Top of RECORD SET
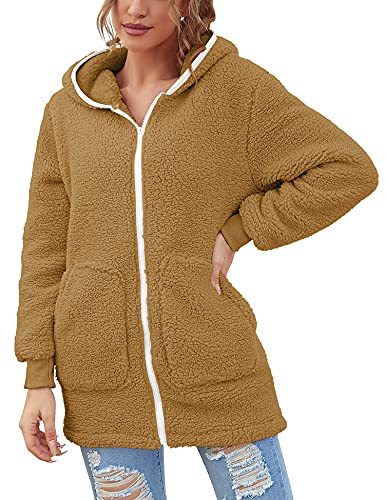 ZHENWEI Women Oversized Sherpa Hoodie Fuzzy Fleece Jacket Zip Up Long Sleeve Winter Coat with Pockets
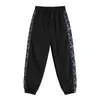 Joggers Streetwear Sport Pants Women Spliced Leopard Harajuku Loose Harem Trousers High Waist Elastic Lace Up Causal Leggings 210417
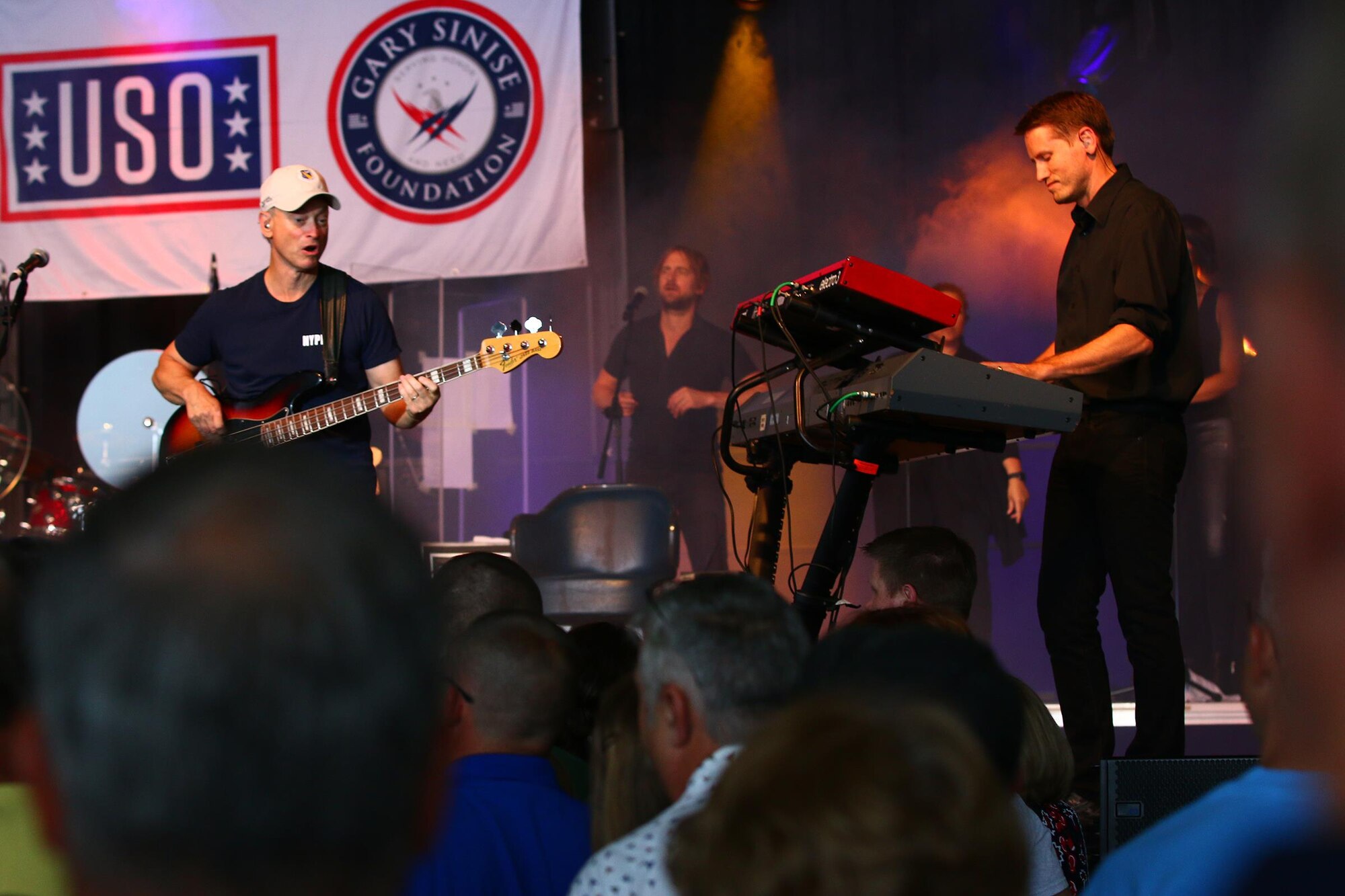Gary Sinise performs with his Lt. Dan Band during an early Independence Day celebration held July 2, 2016 at the 445th Airlift Wing, Hangar 4016. Gary Sinise and his Lt. Dan Band have performed over 30 shows in 2016, mostly for military and veteran’s events. (U.S. Air Force photo /Tech. Sgt. Patrick O’Reilly)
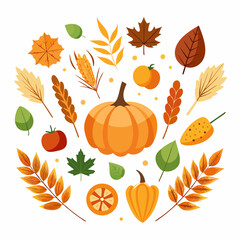 Minimalist Autumn Foliage Vector on White Background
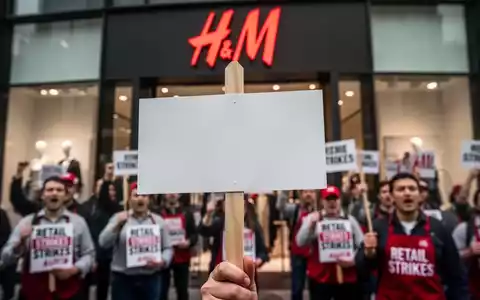 Ein unscharfes Bild von demonstrierenden Einzelhandelsmitarbeitern vor einem H&M-Geschäft, im Vordergrund ein Streikschild. - Foto: über boerse-global.de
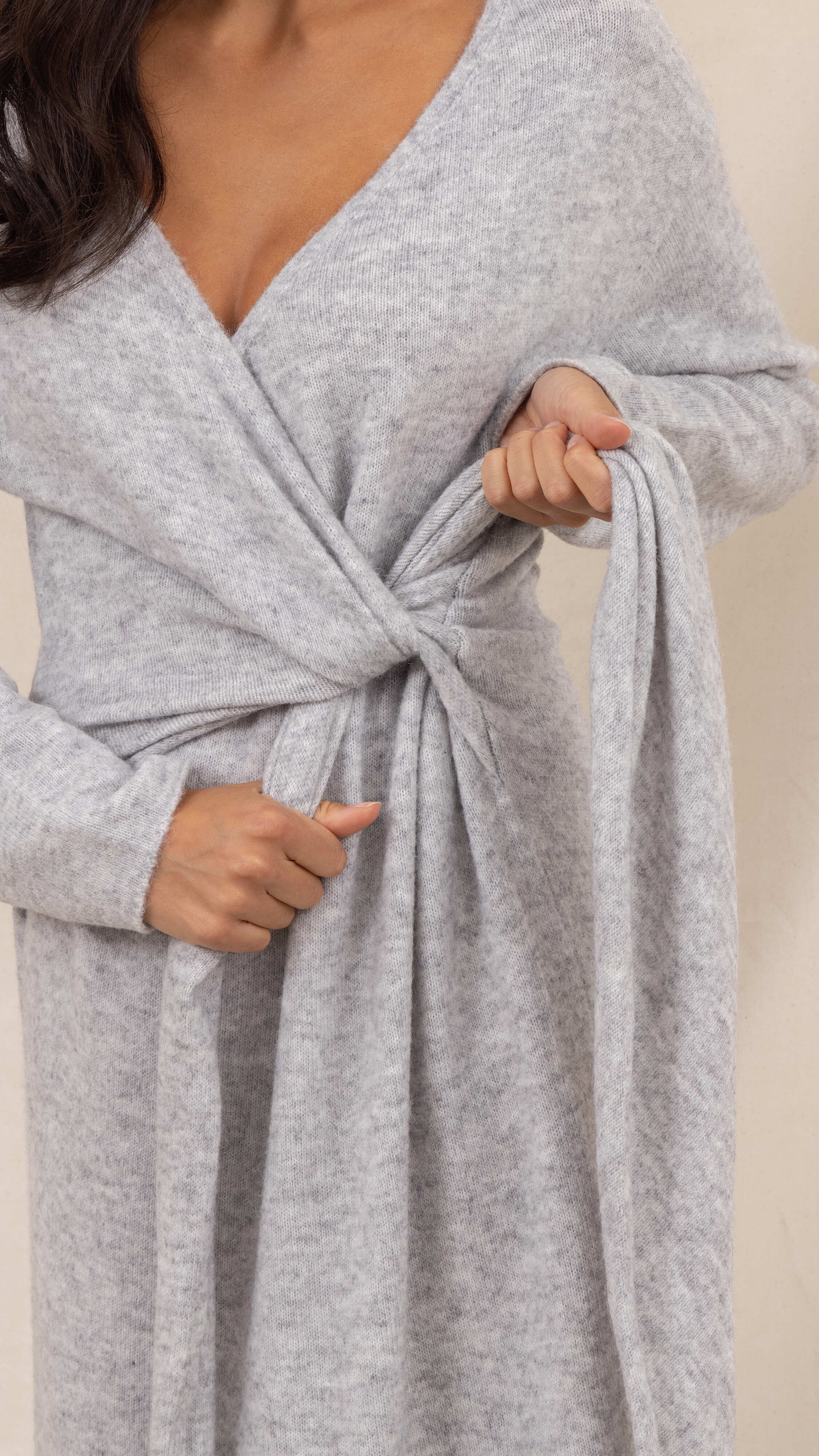 Keira Knit Wrap Dress - Cloud Grey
Bottom of RECORD SET
* _AIM OF THE EXERCISE_: Should there be pictures in the data, leave them out and return the rest exactly.

* _ANSWER FOR THE TASK_:
 ZHENWEI Women Oversized Sherpa Hoodie Fuzzy Fleece Jacket Zip Up Long Sleeve Winter Coat with Pockets
 Joggers Streetwear Sport Pants Women Spliced Leopard Harajuku Loose Harem Trousers High Waist Elastic Lace Up Causal Leggings 210417
Gary Sinise performs with his Lt. Dan Band during an early Independence Day celebration held July 2, 2016 at the 445th Airlift Wing, Hangar 4016. Gary Sinise and his Lt. Dan Band have performed over 30 shows in 2016, mostly for military and veteran’s events. (U.S. Air Force photo /Tech. Sgt. Patrick O’Reilly)
 Minimalist Autumn Foliage Vector on White Background
 Ein unscharfes Bild von demonstrierenden Einzelhandelsmitarbeitern vor einem H&M-Geschäft, im Vordergrund ein Streikschild. - Foto: über boerse-global.de
 Keira Knit Wrap Dress - Cloud Grey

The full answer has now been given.